RAHUL GANDHI, THUS far, has not been known as a spellbinding orator or a captivating thinker. At best he has been sincere. But now he has said something genuinely interesting.

The Crown Prince of the Congress has decided to come clean about the problem of dynastic politics in India. When asked in California whether the Congress party was not associated with ‘more dynastic politics’, he replied; “Actually, most parties in India have that problem … don’t get after me, that’s how the entire country is running … that’s what happens in India”.

So is that an admission or an accusation? It’s certainly an extraordinarily broad thing for a political player of such importance to say. And he didn’t hold back. Without further questioning, he listed the dynasties he had in mind, which covered not only politics but the arts and business too. Why would he do that? Was this a rare and precious moment of candour from a man wishing to demonstrate his awareness of India’s problems, and his readiness to fix them?

Probably not. His words come across more as an involuntary apology for his own prominence. So maybe neither admission nor accusation then—just a confession of weakness on his own behalf, hidden behind a guilty plea for the nation. I Rahul, we Indians, can do nothing about these things—that’s just how it is.

One can only wonder whether he’d thought this through, because the BJP seized on it eagerly. “We have removed dynastic politics from India. We believe in the politics of performance,” shot back Amit Shah within hours. And if there’s one area where the BJP can claim a clean bill of health, it’s in the avoidance of dynasticism. Not that the party has practiced a great deal of transparent internal democracy over the years, but bloodline idolatry has never been its style, and it has resisted the cult of personality to a greater degree than virtually any other political organisation in India, with the possible exception of the various Communist outfits.

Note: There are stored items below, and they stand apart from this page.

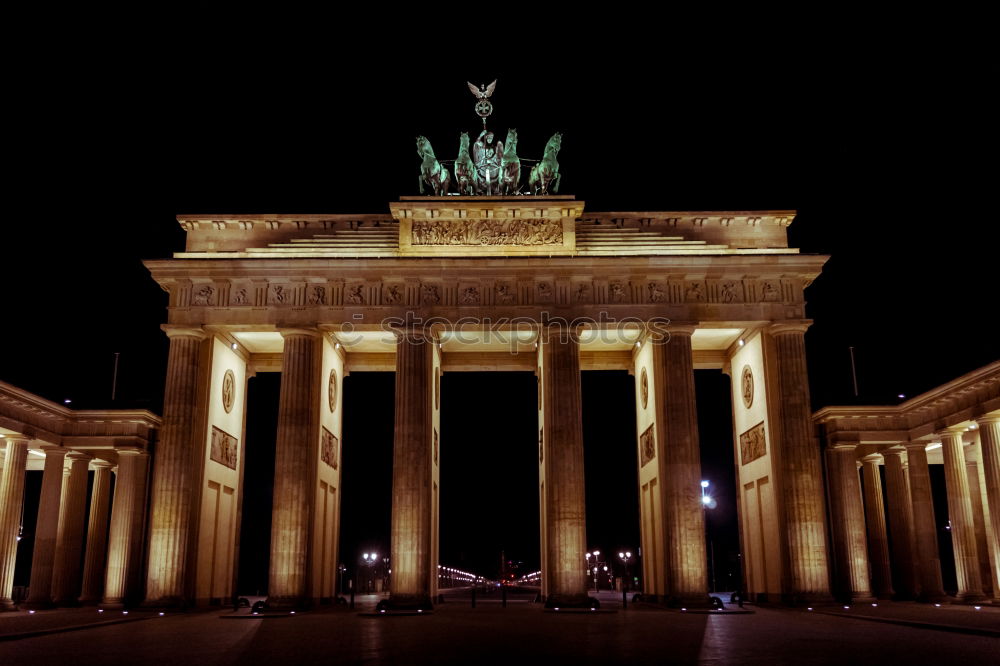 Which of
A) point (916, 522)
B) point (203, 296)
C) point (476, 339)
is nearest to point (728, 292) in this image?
point (476, 339)

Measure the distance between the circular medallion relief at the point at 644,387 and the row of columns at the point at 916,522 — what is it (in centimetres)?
855

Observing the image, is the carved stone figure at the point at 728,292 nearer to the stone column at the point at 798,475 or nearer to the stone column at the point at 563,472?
the stone column at the point at 798,475

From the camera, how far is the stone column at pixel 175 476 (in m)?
34.5

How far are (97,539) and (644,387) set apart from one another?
28.2 meters

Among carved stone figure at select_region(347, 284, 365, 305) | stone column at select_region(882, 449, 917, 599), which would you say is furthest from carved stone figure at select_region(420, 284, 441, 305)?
stone column at select_region(882, 449, 917, 599)

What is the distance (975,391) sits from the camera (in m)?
34.4

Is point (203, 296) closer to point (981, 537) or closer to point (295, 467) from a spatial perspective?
point (295, 467)

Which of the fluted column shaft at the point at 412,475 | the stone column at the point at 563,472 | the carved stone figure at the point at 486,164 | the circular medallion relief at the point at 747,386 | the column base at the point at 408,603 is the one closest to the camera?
the column base at the point at 408,603

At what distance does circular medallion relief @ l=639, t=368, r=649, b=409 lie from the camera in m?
41.4

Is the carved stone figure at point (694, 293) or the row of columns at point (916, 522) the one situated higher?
the carved stone figure at point (694, 293)

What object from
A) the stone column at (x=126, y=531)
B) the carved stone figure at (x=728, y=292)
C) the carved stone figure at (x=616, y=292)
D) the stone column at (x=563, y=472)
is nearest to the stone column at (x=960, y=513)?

On the face of it we have a delicious feast of irony here, with a senior leader of a nominally socialist party conceding that dynastic politics is inevitable. Or is there more to this? Does RaGa believe that dynastic politics is actually a problem?

There are certainly plenty of good reasons to avoid it, which have been spelled out all across the world’s literature, from King Lear to The Lion King via the Mahabharata.

The dynastic principle is a simple, even simplistic, solution to an ancient problem—the safe transfer of power. It is simple because it uses the most basic institution known to humanity—the family, and thus needs no great effort to think it though or set it up. It is a flexible, private device available to all, driven by primal forces, not high ideals. Those who favour it appreciate its practical merits; it is a way to keep strangers and rivals away from the homestead. Family loyalty is something we all learn without detailed instruction, and a dynasty is its natural, most forceful expression.

Dynastic succession is about the secure transfer of three kinds of valuable commodity—wealth, status and political power. These often go together, but in modern societies they are distinct

So far so good. But there are ineradicable problems lurking in the background, because dynasties only work well under near-ideal conditions.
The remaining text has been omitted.